Les villages à fossés qui occupent la plupart des sommets des hautes terres (Imerina, Betsileo, pays sihanaka et bezanozano ) existent en petit nombre dans l’Anosy, à l’extrême sud-est. Ils ont été, en grande partie, repérés sur les photographies aériennes et décrits par A. Mille. Ce dernier a observé une évolution des hadivory , villages entourés de fossés. Les plus anciens sites fortifiés, datant du XIVe au XVIe siècle, sont peu étendus et entourés d’un fossé simple, étroit et peu profond. Les hadivory des XVIIe et XVIIIe siècles, qui correspondent à une période d’insécurité et d’accroissement démographique, connaissent à la fois une extension et un renforcement des défenses. Les petits fossés circulaires traduisent un éclatement des grandes familles et une progression de la sécurité qui résulte de l’unification politique du XIXe siècle. Ce phénomène s’accompagne d’une descente de l’habitat vers les bas-fonds rizicoles. Les grottes habitées ou utilisées comme lieux d’inhumation sont relativement rares à Madagascar. Elles portent les noms locaux de zohy et de lakato . On citera les exemples de l’Isandra et du Manambolo, étudiés respectivement par P. Vérin et C. Chippaux.

Les formes de maisons

Les anciennes habitations malgaches étaient construites presque exclusivement en matériaux végétaux; elles étaient de plan quadrangulaire, et n’avaient qu’une seule pièce. Cette unité apparente cache des variantes régionales, imposées par la différence des matériaux disponibles et des climats, d’un point à l’autre de l’île.

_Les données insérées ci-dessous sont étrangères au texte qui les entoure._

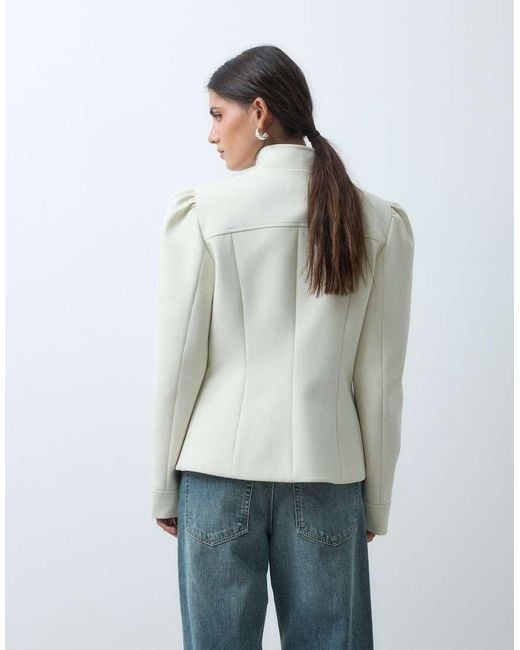 Miss Selfridge Blue Tailored Puff Sleeve Jacket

Sur le versant oriental, humide toute l’année, on trouve des trano falafa , maisons légères montées sur pilotis. Les hautes terres, où il fait frais pendant une partie de l’année, surtout sur les collines, exigent pour les demeures qui sont exposées au vent des alizés des murs épais en bois massif. De plus, afin d’être préservés de l’humidité en saison des pluies, les murs reposent sur des soubassements de pierre. Ce type de construction a été mis au jour dans les fouilles de Fanongoavana (XIVe s.) et de Lohavohitra (XVIe s.). La terre battue ou ampetany n’a remplacé le bois, en Imerina et dans le Betsileo, qu’au XIXe siècle, par suite de la disparition de la forêt qui couvrait autrefois l’ensemble de l’île. Les quelques lambeaux de forêt qui subsistent dans les zones les plus humides témoignent de ce passé sylvestre. Les maisons de taille réduite de l’Ibara, de l’Androy et du Mahafale, confectionnées avec les espèces de bois plus léger que l’on trouve dans le sud, sont dépourvues de soubassements. Les murs reposent directement sur le sol de cette région semi-aride. L’archéologue parvient donc difficilement à localiser les trous de piliers dans le sable. On peut supposer que les pêcheurs des côtes du sud s’abritaient dans des tentes légères en végétaux, qui n’ont malheureusement pas laissé de traces. En revanche, les édifices religieux et certaines habitations des comptoirs musulmans du nord ont été intégralement construits en pierre à partir du XIVe siècle.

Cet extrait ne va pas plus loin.